▸ **AVAILABLE DATA**:

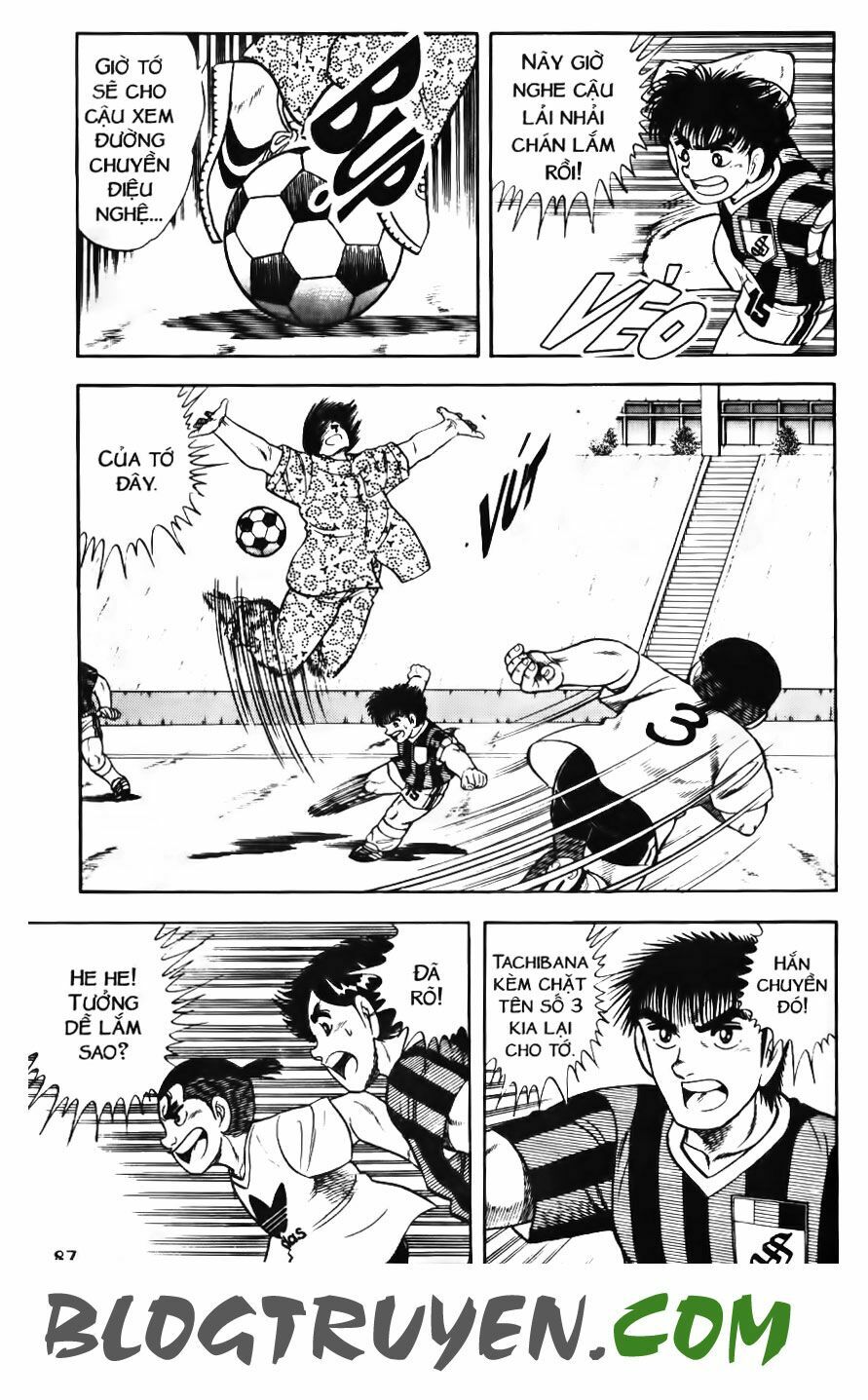 Kattobi Itto - Đường Dẫn Đến Khung Thành Bộ 1: Chapter 89
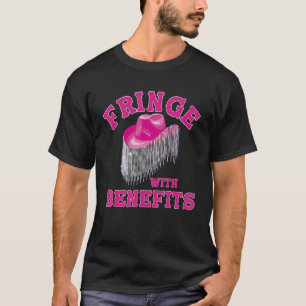 Camiseta Música Country de Vaquera Sureña Estética Rosa Lin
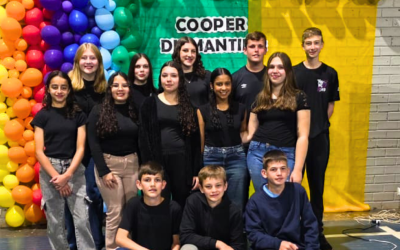 Angelita Cadoná, Rodrigo Castelli e Marli Camargo na fundação da Cooper Diamantina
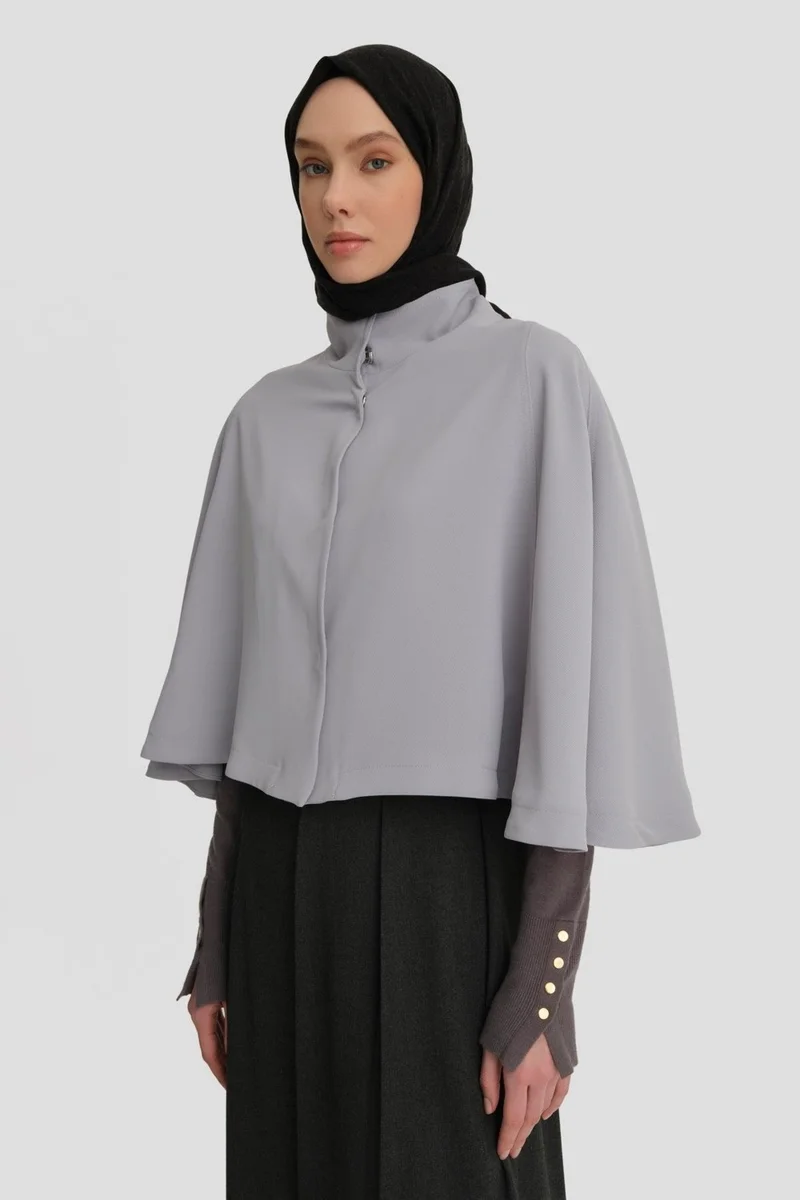 ARMINE Cape 24KH7701 Gray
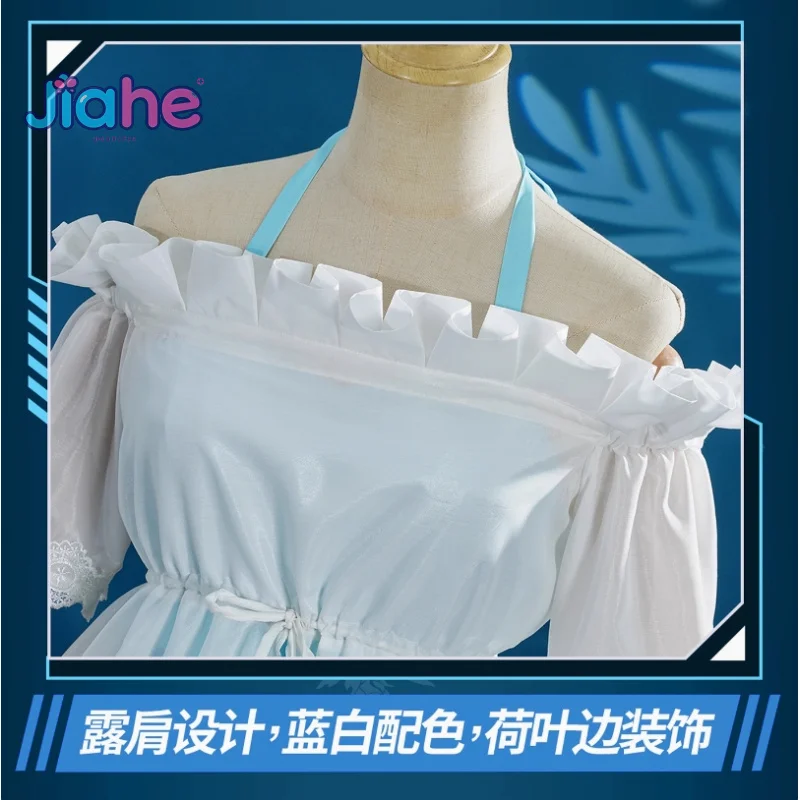 Красочная сцена проекта Sekai! подвиг. Мику Кусанаги Нене Косплей Костюм Платье шляпа парик реквизит комплект Хэллоуин женская повседневная форма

▸ **PROBLEM TO SOLVE**: Each entry above should be copied word for word, with the images omitted.

▸ **SOLUTION FOR THIS TASK**:
 Kattobi Itto - Đường Dẫn Đến Khung Thành Bộ 1: Chapter 89
 Camiseta Música Country de Vaquera Sureña Estética Rosa Lin
 Angelita Cadoná, Rodrigo Castelli e Marli Camargo na fundação da Cooper Diamantina
 ARMINE Cape 24KH7701 Gray
 Красочная сцена проекта Sekai! подвиг. Мику Кусанаги Нене Косплей Костюм Платье шляпа парик реквизит комплект Хэллоуин женская повседневная форма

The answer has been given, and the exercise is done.